Kevin has edited encyclopedias, taught middle and high school history, and has a master's degree in Islamic law.

In this lesson, we're going to learn how to multiply and divide monomials. As you can imagine, this is a very important skill that much of algebra (and even more advanced math) depends upon.

What Is a Monomial?

One of the most confusing parts about starting to study algebra and higher mathematics is how in the world that a letter can be a number. By now, you've probably figured out that a variable is simply a letter that represents a number. You don't know what that number is and more often than not, it's your job to figure out what it is.

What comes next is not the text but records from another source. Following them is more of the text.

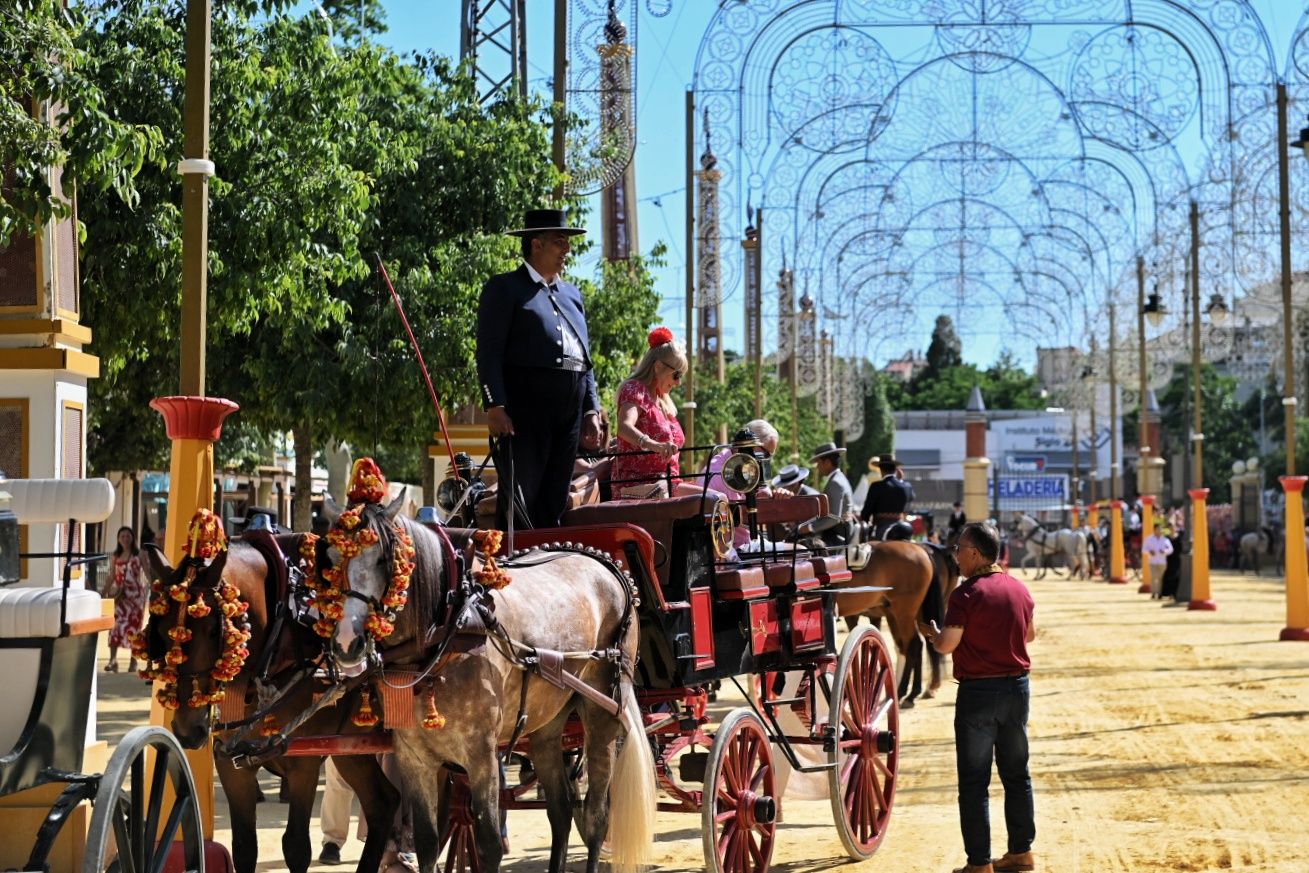 La galería del último día de Feria de Jerez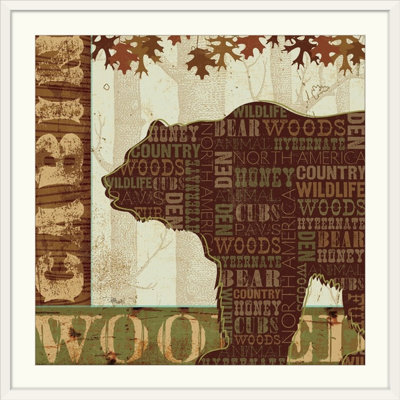 Woodland Words Rustic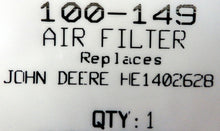 Load image into Gallery viewer, Air Filter 100-149 For Case Cub Cadet Gravely John Deere Kohler And More
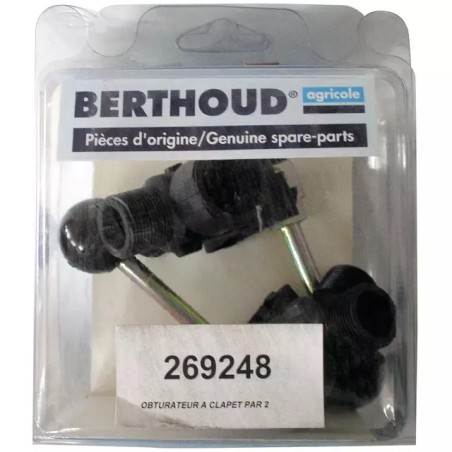 OBTURATEURS A CLAPETS SKIN DE 2 - ref. BED269248 | TP Agri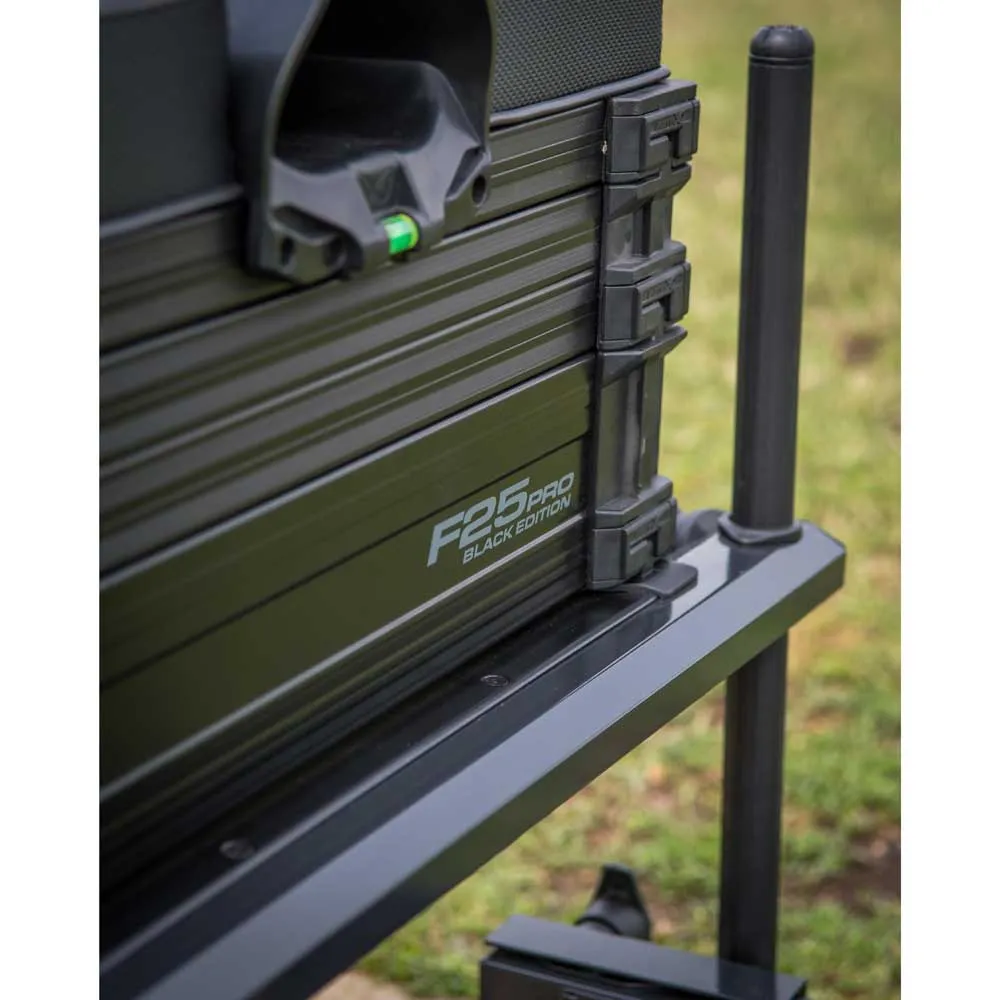 Купить Matrix fishing gmb200 рыболовный ящик с сиденьем F25 Pro Black 100x80x40 7ft.ru в интернет магазине Семь Футов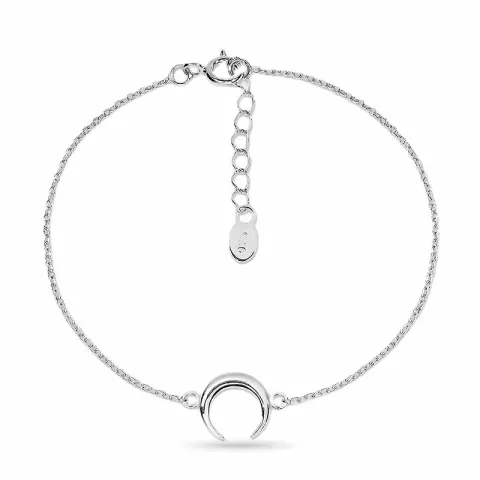 Mond Armband aus Silber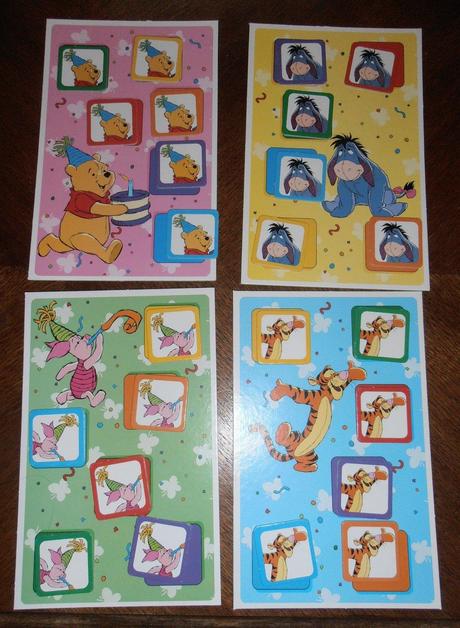 Hra macko pu - farby - od 3 rokov,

So, how can something like 5x be just one number? Well, that's what a monomial is. It's a number that has been reduced as far as it can be reduced and has only one term. Therefore, 9 is a monomial, but so is 328x to the 42nd power. They're both as simple as we can make them. The fact that one is an exponent doesn't matter as long as it's a whole positive number, and the fact that there is a coefficient, or the number in front of the variable, doesn't matter either.

Okay, that's all pretty easy, but now you've got your math teacher wanting you to multiply or divide these things! How do you do that? Luckily for you, that's what this lesson is going to focus on.

Multiplying Monomials

To multiply a monomial by a known number, simply multiply the coefficient by that number. Remember that x by itself has a coefficient of just 1. Remember that it is understood that the coefficient is being multiplied with the variable. Therefore, if you were to multiply x by 5, the resulting answer is 5x. Likewise, if you were to multiply 6x by 4, the resulting answer is 24x. You can even do this with decimals: 0.5 * 8x comes out to 4x. If you want, you can check these by substituting any number for x. You can even choose a completely irrational number like pi and the math still holds.

But, what if you're going to multiply a monomial by another variable or even another monomial. In that case, multiply the coefficients together to get the coefficient part of the answer, and then multiply the variables by each other. But wait, how do you multiply variables?

Think about it like this: if you multiply 3 by 3, you get 9. What's another way of saying that? If you guessed 3^2, you'd be right. Therefore, any variable multiplied by itself is simply itself squared. As a result, if we were to multiply 3x by 4x, you'd end up with 12x^2.

Dividing Monomials

That's all fine and good for multiplying monomials, but what about dividing them? Luckily, that's just as easy. If you are just dividing by a known number, simply divide it into the coefficient. Therefore, 4x divided by 2 is 2x. Wait a minute, what if it isn't so clear cut? What if you were dividing 3x by 2? In that case, your coefficient becomes 3/2, leaving you with an answer of 3/2x.